##### Dataset content #####

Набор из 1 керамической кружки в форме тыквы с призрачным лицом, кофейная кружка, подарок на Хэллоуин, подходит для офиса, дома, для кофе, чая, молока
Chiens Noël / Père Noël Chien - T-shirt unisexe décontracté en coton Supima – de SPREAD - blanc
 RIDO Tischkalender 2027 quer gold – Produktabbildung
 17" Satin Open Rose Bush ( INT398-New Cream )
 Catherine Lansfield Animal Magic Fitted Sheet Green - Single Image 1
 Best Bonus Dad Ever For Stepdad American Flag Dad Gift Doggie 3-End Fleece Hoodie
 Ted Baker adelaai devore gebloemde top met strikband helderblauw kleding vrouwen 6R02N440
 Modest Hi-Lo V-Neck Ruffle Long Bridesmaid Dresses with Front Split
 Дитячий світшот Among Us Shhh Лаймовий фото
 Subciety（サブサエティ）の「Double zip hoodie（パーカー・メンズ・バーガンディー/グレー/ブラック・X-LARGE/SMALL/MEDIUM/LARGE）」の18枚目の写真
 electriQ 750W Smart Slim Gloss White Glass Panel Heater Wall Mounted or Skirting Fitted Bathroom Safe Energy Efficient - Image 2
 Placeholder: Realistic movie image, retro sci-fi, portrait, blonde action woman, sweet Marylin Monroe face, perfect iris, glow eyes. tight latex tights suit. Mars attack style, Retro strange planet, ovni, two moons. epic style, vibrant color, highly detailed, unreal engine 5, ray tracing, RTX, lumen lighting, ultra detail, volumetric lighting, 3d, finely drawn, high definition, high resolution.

#####

Exercise goal | Working from the entries above, return all lines that contain "Fitted".

Expected answer |
 Catherine Lansfield Animal Magic Fitted Sheet Green - Single Image 1
 electriQ 750W Smart Slim Gloss White Glass Panel Heater Wall Mounted or Skirting Fitted Bathroom Safe Energy Efficient - Image 2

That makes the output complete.